Вбивство Симона Петлюри. 1926
Шрифт:
Другой свидетель, Свинер, недавно вернувшийся с фронта, рассказывает, что они со своей матерью и сестрами прятались у себя дома и что у них перебывало несколько гайдамацких групп, от которых он откупался деньгами. Когда явилась последняя группа, у него уже денег не оказалось. Он вышел к ней на улицу и стал умолять, чтобы его пощадили. Он прибег к хитрости и, обращаясь к одному гайдамаку, заявил, что он вместе с ним лежал в окопах во время войны. Гайдамак стал в него всматриваться, затем перевел взор на его ноги и сказал: «У тебя хорошие сапоги, отдай их мне». Тот охотно согласился и вместе с гайдамаками вошел в дом, где он снял свои сапоги. Гайдамак, в свою очередь, снял свои и надел его сапоги. Затем он вынул из кармана свежие портянки, передал их Свинеру и помог ему надеть его старые сапоги. Получив еще галоши, он обратился к своим товарищам со словами: «Не будем же мы резать человека, с которым я сидел в окопах». Гайдамаки ушли. К вечеру Свинер со своими домашними, зная, что резня уже кончилась, решили больше в квартире не оставаться, и, пробираясь сквозь трупы по улицам, они все выбрались из местечка и всю
Свидетель Креймер рассказывает, что он был в Проскурове во время происходившего там погрома. Спасая свою жизнь, он в воскресенье 16 февраля в 12 часов дня отправился пешком в Фельштин, где он постоянно проживает, но в д. Малиничи он был арестован милиционером и препровожден в милицию. Начальник милиции объявил, что он должен препроводить его обратно в Проскуров, в комендатуру. На указание, что там его расстреляют и на просьбу не отсылать его туда, начальник милиции ответил, что он сам подвергается большому риску, если он этого не сделает. Он показал ему телеграмму, полученную им от проскуровского коменданта Киверчука о том, чтобы всех агитаторов и евреев расстреливать на месте или препровождать для расстрела к нему в Проскуров (Виділили ми. Ще один доказ ретельної підготовки погрому. – Авт.).
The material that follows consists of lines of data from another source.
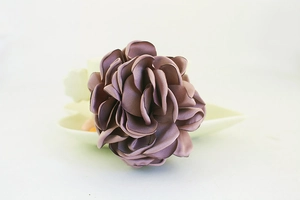 Gros plan d'un porte-clés rose en tissu fait main avec des pétales de couleur prune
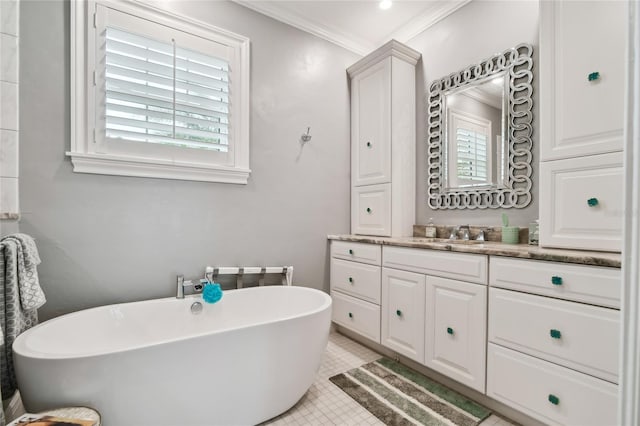 bathroom featuring a washtub, tile patterned flooring, vanity, and ornamental molding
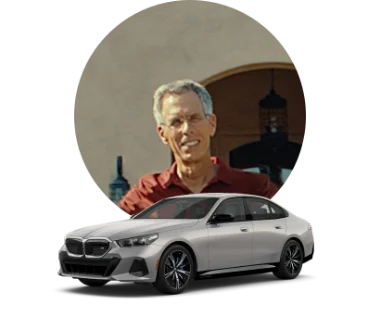 Man's photo adjacent to a silver BMW i5 M60.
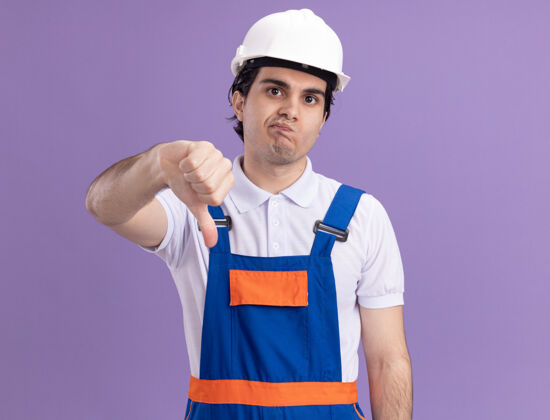 站起来年轻的建筑工人穿着建筑制服 戴着安全帽 不高兴地看着前面 竖起大拇指站在紫色的墙上大拇指不高兴制服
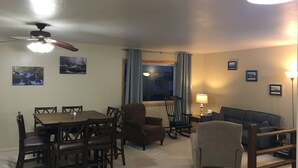 A living room with a dining table, chairs, a sofa, and a rocking chair. There are two ceiling fans, a window with curtains, and framed pictures on the walls. - Sage House- in town with LOTS of space (Ennis)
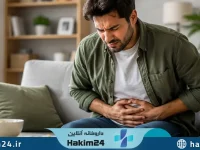 تصویری از یک فرد با احساس نفخ و ناراحتی شکم که اهمیت سلامت دستگاه گوارش و عادت های غذایی صحیح را نشان می دهد.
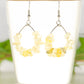 Natural Citrine Crystal Chip Earrings on a tea cup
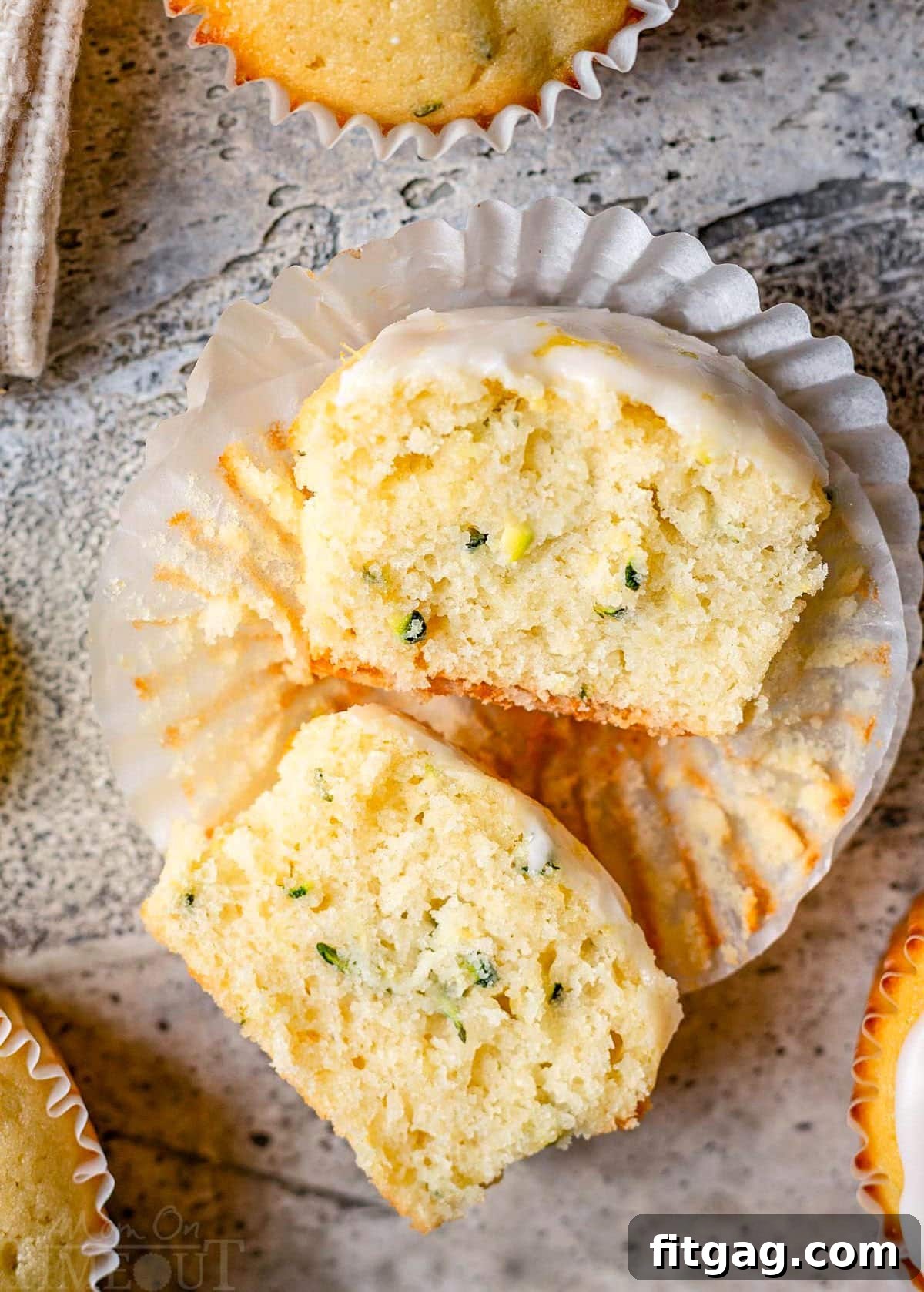 A perfectly baked lemon zucchini muffin in a white liner, sliced in half to reveal its tender, moist crumb, topped with a glistening lemon glaze and resting on a elegant gray backdrop. It highlights the texture and fresh ingredients.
В это время милиционеры привели целую семью, которая таким же образом выбиралась из Проскурова, направляясь в Фельштин. Но на вопрос, откуда и куда эта семья следует, глава семьи догадался ответить, что они направляются из Фельштина в Проскуров. Тогда начальник милиции распорядился препроводить эту семью обратно в Фельштин. Этим воспользовался свидетель Креймер и тут же в присутствии начальника просил эту семью сообщить родным в Фельштине о том опасном положении, в котором он очутился, и просил их, чтобы они не остановились решительно ни перед какими средствами, чтобы спасти его. После этого начальник согласился оставить его в деревне до следующего утра. Но через некоторое время, приблизительно часа через два, милиционеры привели еще 16 евреев, спасавшихся из Проскурова.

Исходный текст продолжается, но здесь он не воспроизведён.